Quasi-governmental organizations like the United Nations and the European
Union were created to prevent armed aggression and war. As they prove
themselves either incapable for that task or irrelevant, they have found
new missions for themselves, creating their own social work bureaucracies
similar to those found in Western governments, which they also propagate
among less developed countries. Most of these emphasize the politics of
women and children. Here too we see, on several fronts, attempts to
criminalize ideologically incorrect behaviour, even matters not previously
considered crimes and even when beyond the reach of any effective
judiciary.

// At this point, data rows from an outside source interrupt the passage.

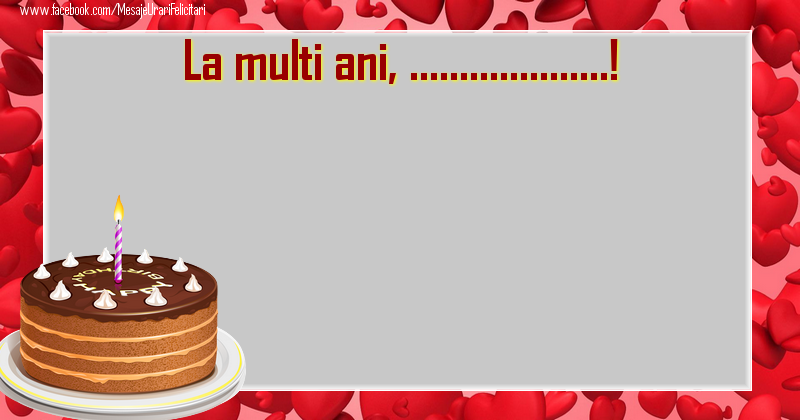 Felicitari personalizate de zi de nastere - La multi ani, ...!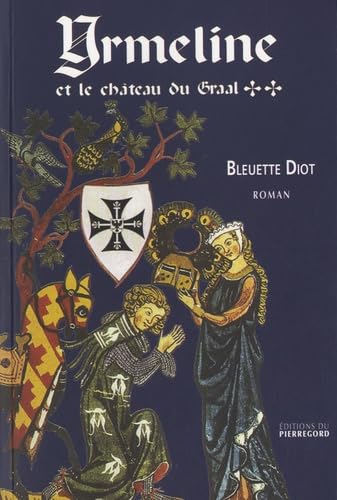 Yrmeline et le Château du Graal 9782352910947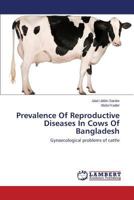 Prevalence Of Reproductive Diseases In Cows Of Bangladesh: Gynaecological problems of cattle 3659282103 Book Cover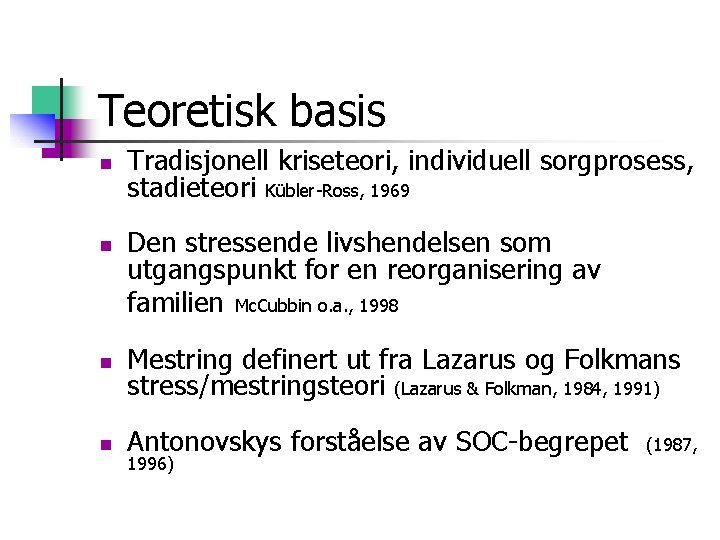 Teoretisk basis n n Tradisjonell kriseteori, individuell sorgprosess, stadieteori Kübler-Ross, 1969 Den stressende livshendelsen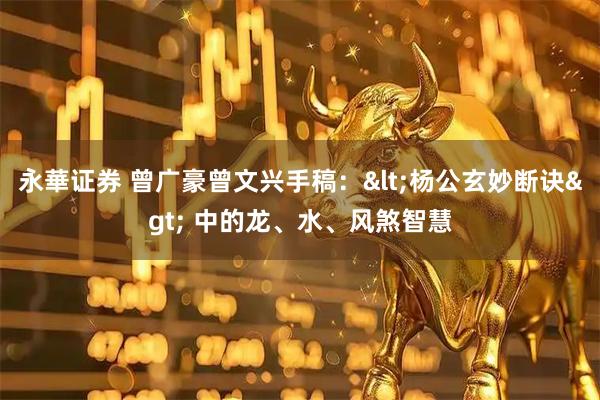 永華证券 曾广豪曾文兴手稿：<杨公玄妙断诀> 中的龙、水、风煞智慧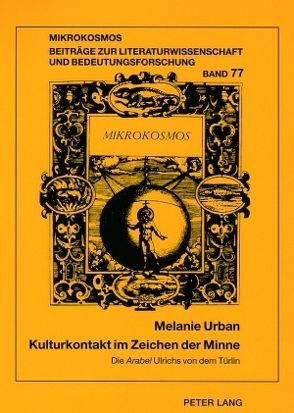 Kulturkontakt im Zeichen der Minne von Urban,  Melanie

Innovations like the International Criminal Court, the
Convention on the Rights of the Child, and measures against human
trafficking are all efforts to take complex political, economic, and social
problems such as underdevelopment, poverty, and war and reclassify them as
crimes whereby alleged malefactors can be prosecuted by politicized tribunals
that lack the detachment and due process protections found in developed
judiciaries.
‘The axis of global conflict in this century will not be warring
ideologies, or competing geopolitics, or clashing civilizations,’ writes
Salam. ‘It won’t be race or ethnicity. It will be gender.’ He may well be
right. But cheerleading for political trends is seldom a constructive
substitute for unbiased inquiry. If we are to avoid the ‘very violent’
future Salam predicts as a result, we should stop gloating and start
understanding.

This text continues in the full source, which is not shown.